Return the data shape (a property of the Spectrum)

slice(start=None, stop=None, unit='pixel', copy=True, xcopy=True, preserve_fits=False) [github] [bitbucket]

Slicing the spectrum

Warning

this is the same as cropping right now, but it returns a copy instead of cropping inplace

Parameters:

start : numpy.float or int or astropy quantity

start of slice

stop : numpy.float or int or astropy quantity

stop of slice

unit : str

allowed values are any supported physical unit, ‘pixel’

copy : bool

Return a ‘view’ of the data or a copy?

preserve_fits : bool

Save the fitted parameters from self.fitter?

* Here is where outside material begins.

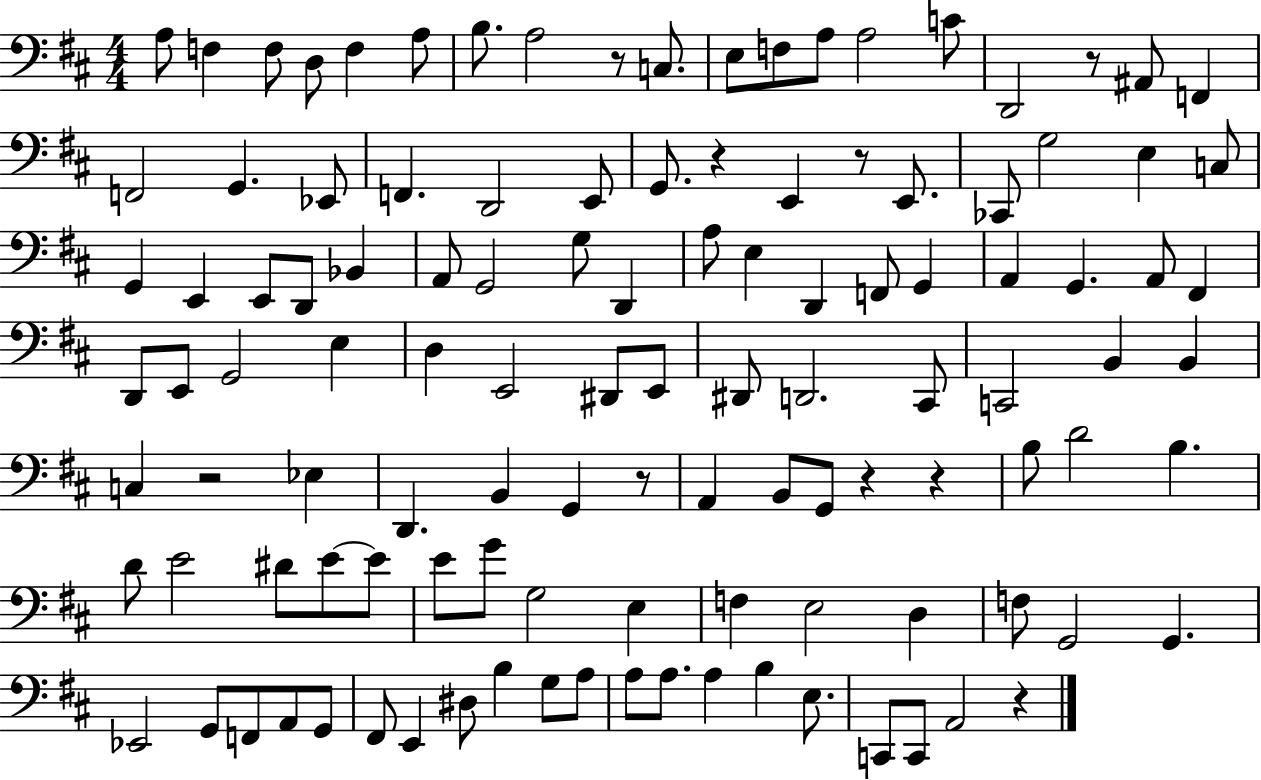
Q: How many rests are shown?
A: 9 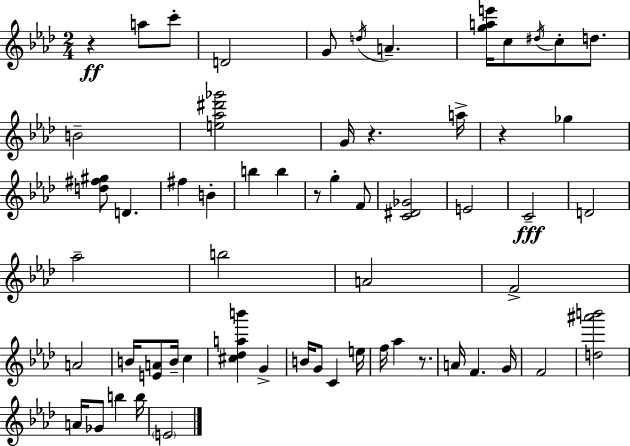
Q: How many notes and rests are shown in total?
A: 60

smooth(smooth, downsample=True, **kwargs) [github] [bitbucket]

Smooth the spectrum by factor smooth.

Documentation from the smooth module:

sm.smooth doc:

Smooth and downsample the data array. NaN data points will be replaced with interpolated values

Parameters:

smooth : float

Number of pixels to smooth by

smoothtype : [ ‘gaussian’,’hanning’, or ‘boxcar’ ]

type of smoothing kernel to use

downsample : bool

Downsample the data?

downsample_factor : int

Downsample by the smoothing factor, or something else?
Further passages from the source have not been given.